#### [Given records]
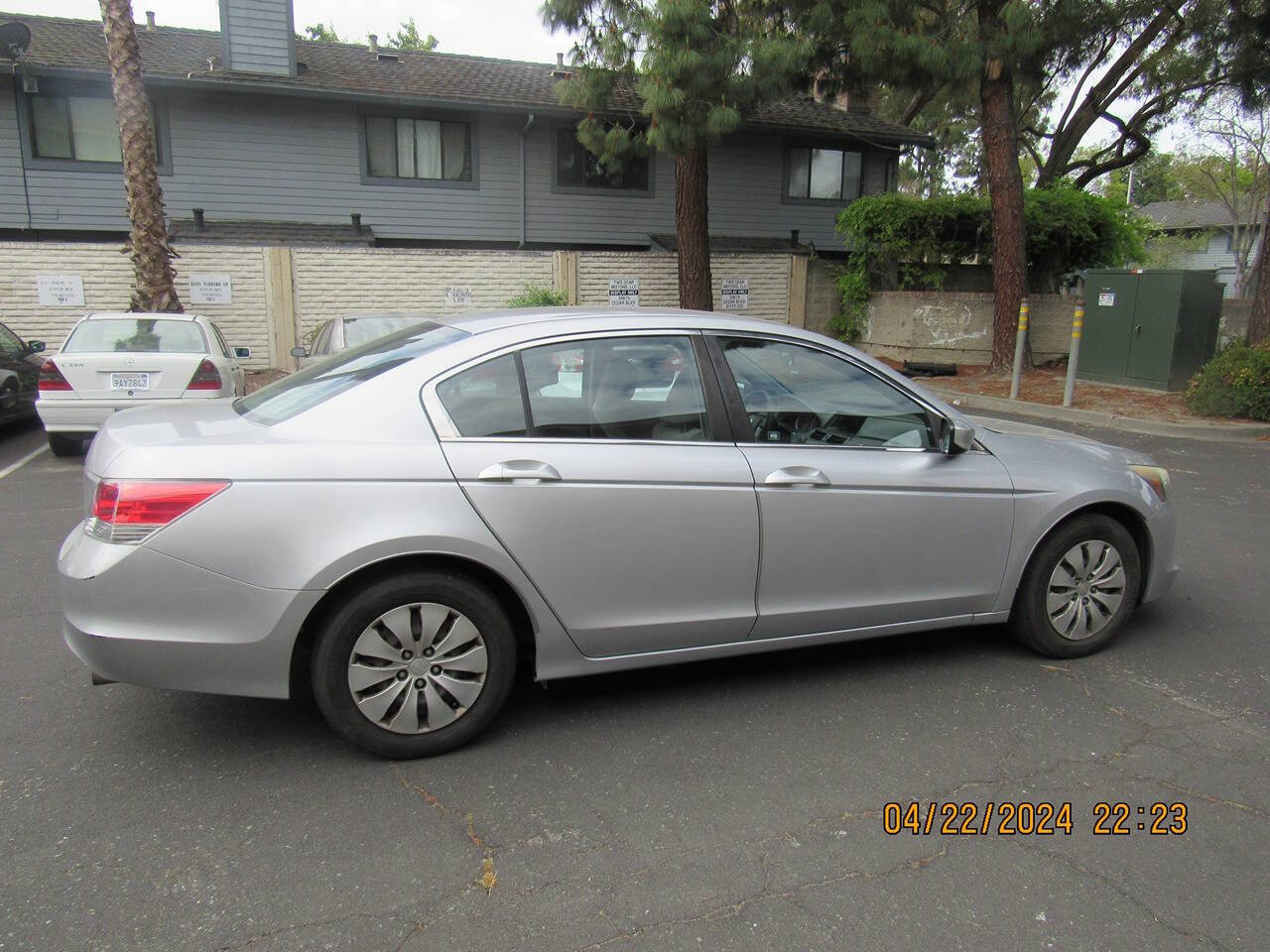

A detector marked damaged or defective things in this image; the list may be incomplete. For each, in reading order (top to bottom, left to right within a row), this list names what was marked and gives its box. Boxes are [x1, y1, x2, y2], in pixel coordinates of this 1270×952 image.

cracked pavement [0, 418, 1264, 952]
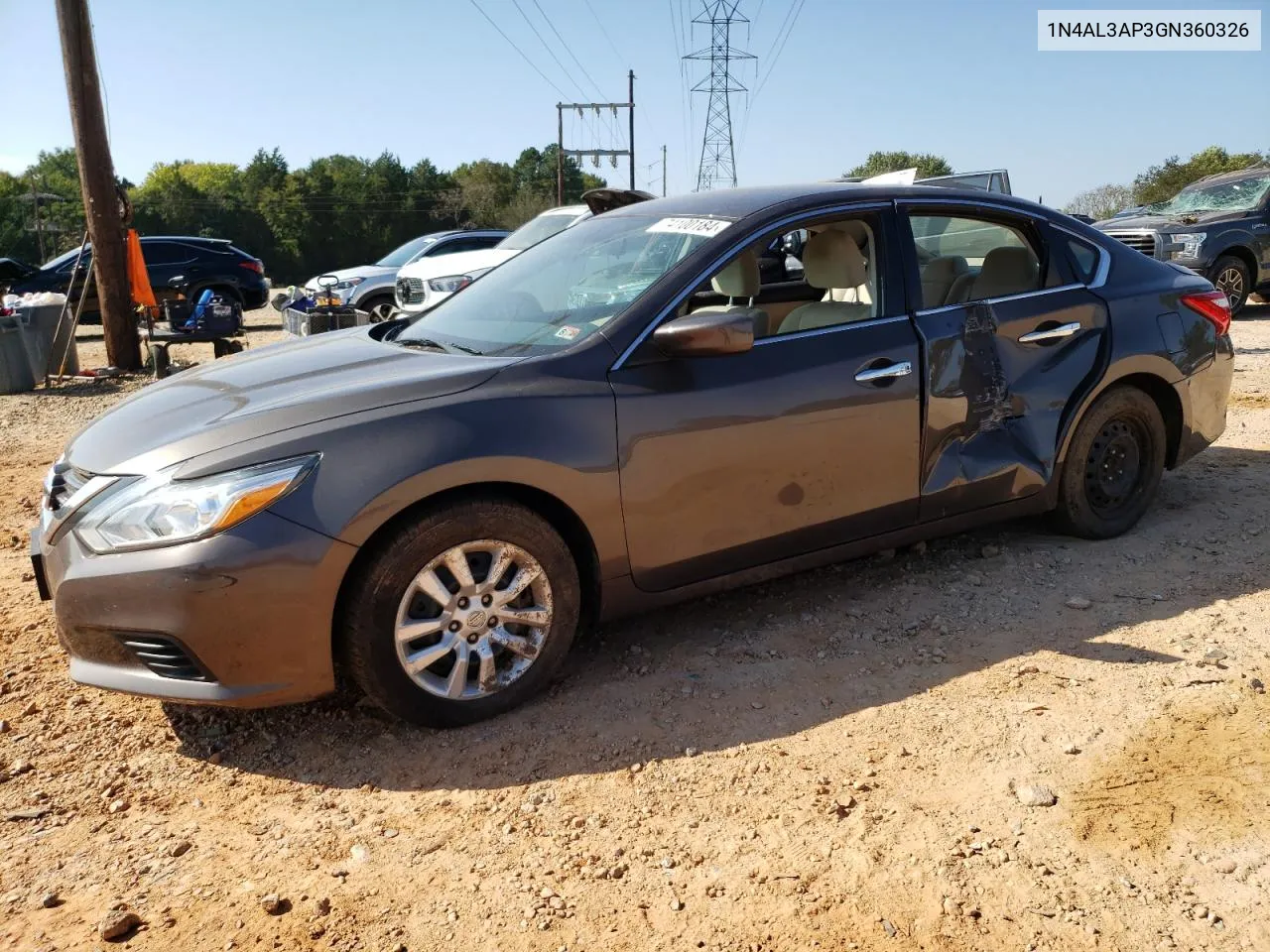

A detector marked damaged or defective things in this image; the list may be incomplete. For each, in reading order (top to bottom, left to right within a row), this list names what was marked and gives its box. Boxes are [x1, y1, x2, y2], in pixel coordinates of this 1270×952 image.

damaged pickup truck [37, 182, 1230, 726]
damaged gray sedan [35, 182, 1238, 726]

#### [Task item]
Would you write out all of the records exactly, omitting the pictures?

#### [Result for this exercise]
A detector marked damaged or defective things in this image; the list may be incomplete. For each, in reading order (top to bottom, left to right within a row), this list names what was marked and gives its box. Boxes are [x1, y1, x2, y2], in pixel coordinates of this 1270×952 image.

cracked pavement [0, 418, 1264, 952]

A detector marked damaged or defective things in this image; the list may be incomplete. For each, in reading order (top to bottom, left to right within a row), this list names what was marked and gives its box. Boxes are [x1, y1, x2, y2], in pixel coordinates of this 1270×952 image.

damaged pickup truck [37, 182, 1230, 726]
damaged gray sedan [35, 182, 1238, 726]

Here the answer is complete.